Saturday, October 21, 2006

Path tourette's

Part of our pathology course involves a lab 3 days a week, in which we present slides of different diseased states of organs and tissues. With every slide, there are specific details to look for, clinical signs and symptoms that a patient is likely to present with, and the mechanism by which this disease develops.
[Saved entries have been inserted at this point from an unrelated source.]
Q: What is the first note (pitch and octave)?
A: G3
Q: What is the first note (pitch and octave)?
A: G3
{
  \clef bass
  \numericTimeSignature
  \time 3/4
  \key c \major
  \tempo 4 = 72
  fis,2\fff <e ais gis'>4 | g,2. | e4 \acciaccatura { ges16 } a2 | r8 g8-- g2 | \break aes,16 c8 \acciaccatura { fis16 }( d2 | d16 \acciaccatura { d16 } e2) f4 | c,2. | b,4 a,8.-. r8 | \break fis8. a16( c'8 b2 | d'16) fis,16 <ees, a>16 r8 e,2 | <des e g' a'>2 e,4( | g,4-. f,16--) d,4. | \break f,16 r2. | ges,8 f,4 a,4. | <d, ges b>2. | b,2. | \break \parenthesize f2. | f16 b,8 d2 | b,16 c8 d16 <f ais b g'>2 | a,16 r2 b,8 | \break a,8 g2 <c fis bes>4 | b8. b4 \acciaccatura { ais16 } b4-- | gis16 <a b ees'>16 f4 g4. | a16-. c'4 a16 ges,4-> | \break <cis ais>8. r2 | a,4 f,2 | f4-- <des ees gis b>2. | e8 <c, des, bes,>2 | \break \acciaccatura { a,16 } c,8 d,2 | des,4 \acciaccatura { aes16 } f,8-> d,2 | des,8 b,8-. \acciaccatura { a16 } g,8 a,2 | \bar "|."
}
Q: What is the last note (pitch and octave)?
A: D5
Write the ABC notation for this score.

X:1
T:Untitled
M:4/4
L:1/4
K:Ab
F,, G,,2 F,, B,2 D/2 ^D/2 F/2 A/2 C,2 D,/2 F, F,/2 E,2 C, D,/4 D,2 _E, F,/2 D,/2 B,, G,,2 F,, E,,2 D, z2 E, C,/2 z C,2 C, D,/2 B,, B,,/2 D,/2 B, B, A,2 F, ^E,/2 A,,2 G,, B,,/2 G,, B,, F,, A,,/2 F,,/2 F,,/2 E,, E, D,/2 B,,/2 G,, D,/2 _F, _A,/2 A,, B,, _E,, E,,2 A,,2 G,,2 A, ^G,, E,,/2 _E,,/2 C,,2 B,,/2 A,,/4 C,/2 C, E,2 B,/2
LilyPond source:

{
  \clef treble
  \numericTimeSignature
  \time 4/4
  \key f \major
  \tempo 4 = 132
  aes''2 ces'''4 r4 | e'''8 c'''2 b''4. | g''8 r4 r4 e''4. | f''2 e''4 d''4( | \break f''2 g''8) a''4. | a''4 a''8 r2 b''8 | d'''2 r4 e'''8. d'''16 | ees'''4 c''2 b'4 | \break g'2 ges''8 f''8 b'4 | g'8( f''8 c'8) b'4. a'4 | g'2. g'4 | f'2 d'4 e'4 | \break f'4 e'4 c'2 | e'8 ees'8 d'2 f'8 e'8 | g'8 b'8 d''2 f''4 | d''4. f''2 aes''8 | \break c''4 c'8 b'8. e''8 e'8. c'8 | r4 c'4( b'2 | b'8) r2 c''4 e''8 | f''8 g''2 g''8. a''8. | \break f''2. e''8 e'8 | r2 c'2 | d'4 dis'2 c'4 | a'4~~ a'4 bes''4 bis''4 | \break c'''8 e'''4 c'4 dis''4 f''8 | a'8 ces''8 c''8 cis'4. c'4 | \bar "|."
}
I’ve noticed throughout medical school, that whenever we’re given slides/pictures to recognize, if they can be deduced to resembling some sort of food, it’s supposed to help us remember. But, it has also bred a med school syndrome cleverly coined by a fellow group member as “path tourette’s”. Now, when we see certain slides or read key points that may refer to a visual of the disease, instead of properly identifying the problem or organism causing the disease, some of us begin to inappropriately blurt out the food item instead. So yesterday's microbiology lab went a little like this:
Key words from clinical description: HIV patient, bibasilar crackles, with diffuse interstitial infiltrate.
My answer: Cotton candy! Cotton candy!
Appropriate answer: Pneumocystis jirovecki

That’s what I meant to say, but it was the path tourette’s that made me blurt out the first response (the interstitial infliltrate in the lung resulting from infection with this fungus apparently looks like pink cotton candy).

Just as only a mother can comprehend what her 2 year old child is saying, we all understand each other when one of us gets a tic every now and then.